SoFi’s Liz Young on Why More Women Should Invest

By: Keith Wagstaff · May 10, 2024 · Reading Time: 4 minutes

Don’t Stand Still

Liz Young, SoFi’s Head of Investment Strategy, loves this quote from former Intel CEO Andrew Grove: “The greatest danger is in standing still.”

Instead of sitting on their money, more women should become investors, she said during SoFi’s Women’s Financial Empowerment webinar series.

“I want to see women take some more risk in their investment portfolios because you need the risk in order to produce growth,” Young said. “And I want to see more women have an investment strategy.”

Prioritize Investing

Despite the fact that 45% of women are the primary or majority source of income for their household, 64% have never invested, compared to 47% of men. Women also live, on average, six years longer than men.

“We live longer and that’s great,” Young said. “But that also means that you need your money to last longer.”

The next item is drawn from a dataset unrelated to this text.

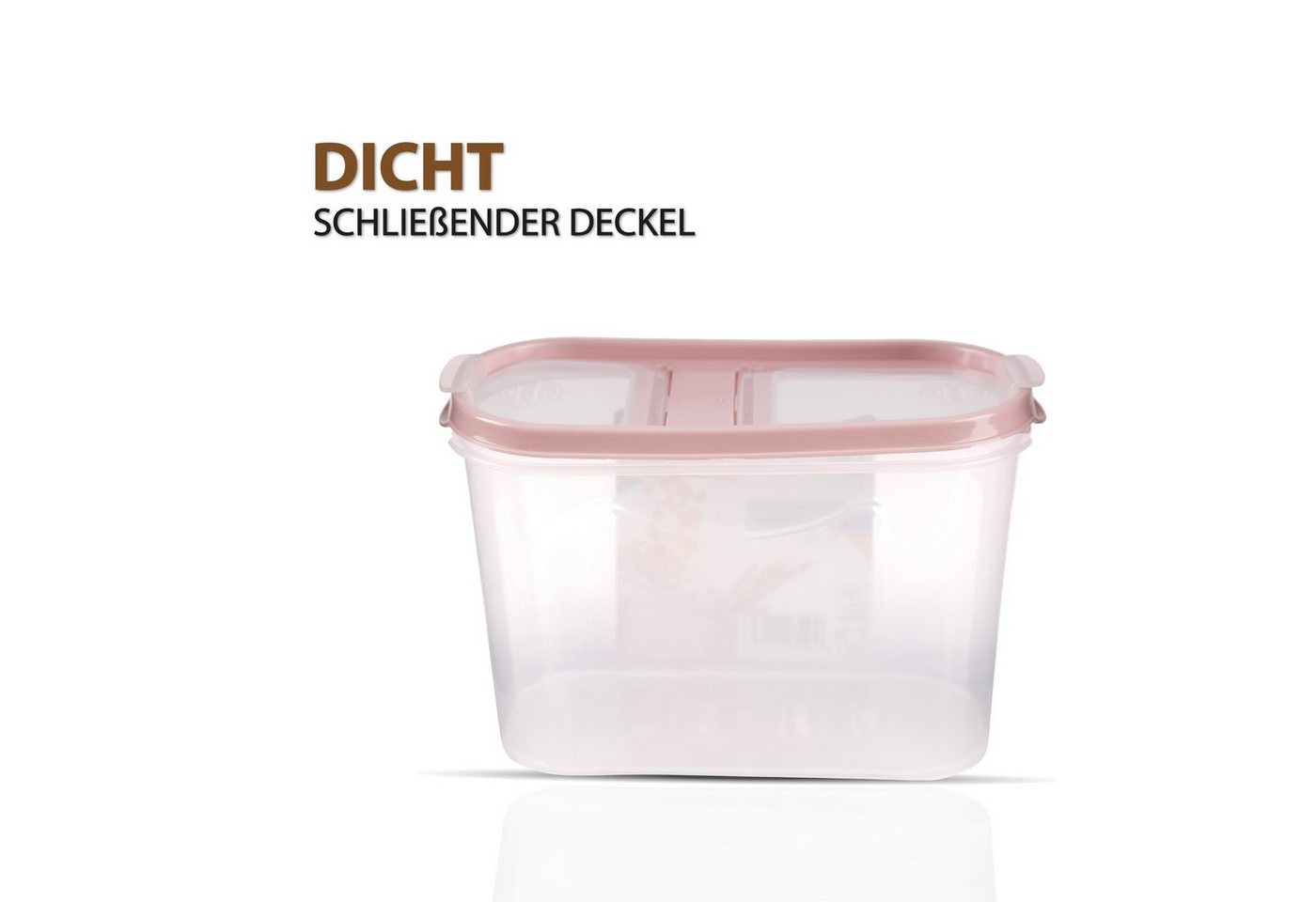 Bestlivings Vorratsdose Müslispender 1,4L - 4,5L, Kunststoff, (3-tlg., 1,4 Liter (7cm x 17cm x 12,5cm), Schüttdose für Lebensmittel, Vorratsbehälter Set - Frisc – Bild 4 von 5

Women want to invest, said Young, but just aren’t prioritizing it. Because they’re making more of the daily household purchase decisions than men, they’re probably feeling the effects of inflation more acutely, which could be lowering their risk tolerance.

When asked by SoFi, “Why are you not invested in the stock market?,” more women than men said they didn’t know enough about investing, didn’t feel confident investing, were overwhelmed by investing, and didn’t know how to make their first trade.

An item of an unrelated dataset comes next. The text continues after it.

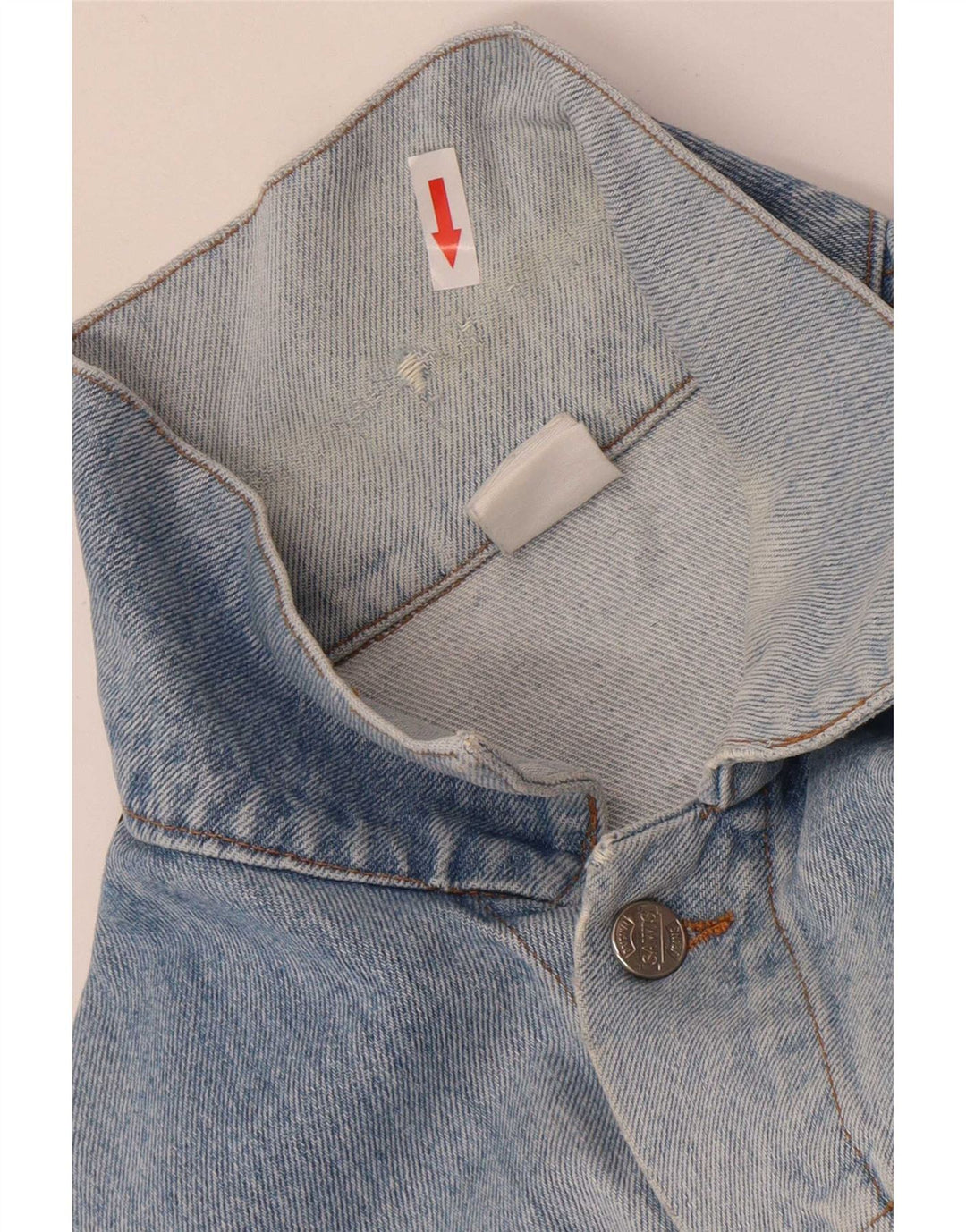Vintage hombres chaqueta de mezclilla Reino Unido 40 azul grande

SoFi can help with that last one. The rest, however, require a shift in mindset. Getting to a place where you’re 100% confident about every investment you make is probably not going to happen, Young noted. “Don’t let it paralyze you and prevent you from making a move,” she said.

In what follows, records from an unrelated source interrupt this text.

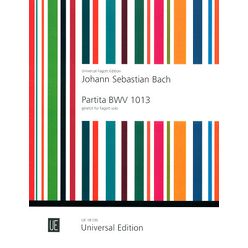 Universal Edition Bach Partita BWV 1013 Bassoon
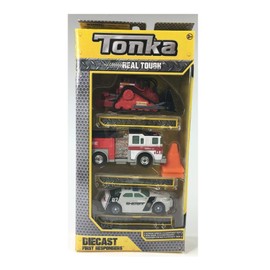 Tonka Real Touch Diecast First Responder Vehicle 3 Pack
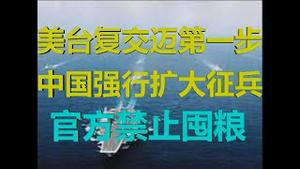 财经冷眼：美台复交启动！中共强征兵，军演登陆台湾！政府禁止囤粮！（20200805第303期）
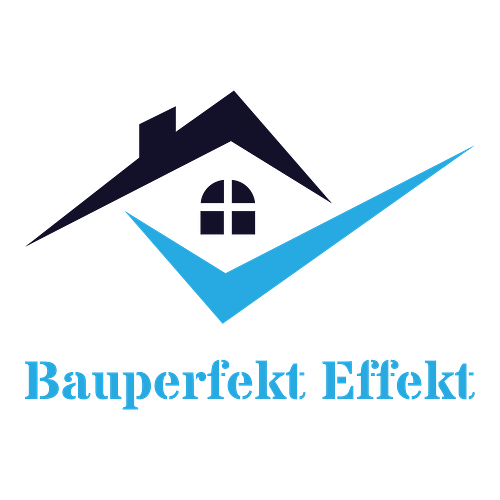 Ein Logo für ein Bauunternehmen namens Bauperfekt Effekt.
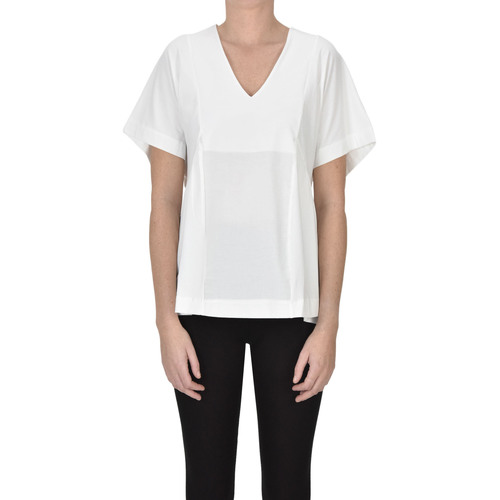 Textil Mulher T-shirts e Pólos Alpha Studio TPS00003004AE Branco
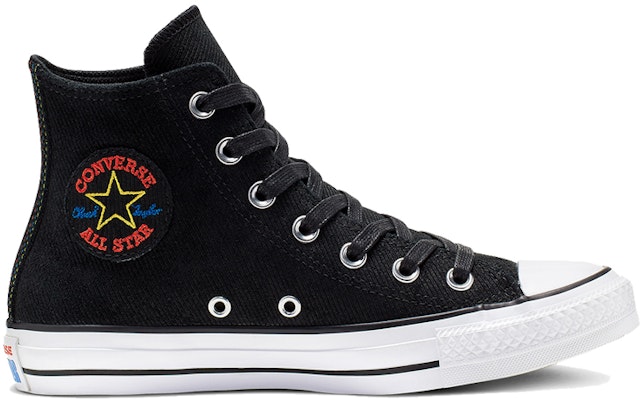 (Women) Converse Chuck Taylor All Star Retrograde High Top Corduroy Black 'White' 564961C Order (Women) Converse Chuck Taylor All Star Retrograde High Top Corduroy Black 'White' 564961C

Once you up your risk tolerance, it’s important to educate yourself about investing. Luckily, that’s become easier over the last 10 to 15 years, Young said.

“The industry has come a very long way in providing resources for individual investors,” she pointed out. “Most companies that have trading platforms have a plethora of resources.”

Don’t Sweat Mistakes

Young said that “if you make a mistake, it’s okay, because everybody makes mistakes.”

“Frankly, making a mistake while investing is the fastest way to learn, because if you lose money on something, you’re going to pay attention … and you’re going to try to figure out why you lost it.”

That doesn’t mean investors should take unnecessary risks, however. They would be wise to think long-term, like Warren Buffet, she said.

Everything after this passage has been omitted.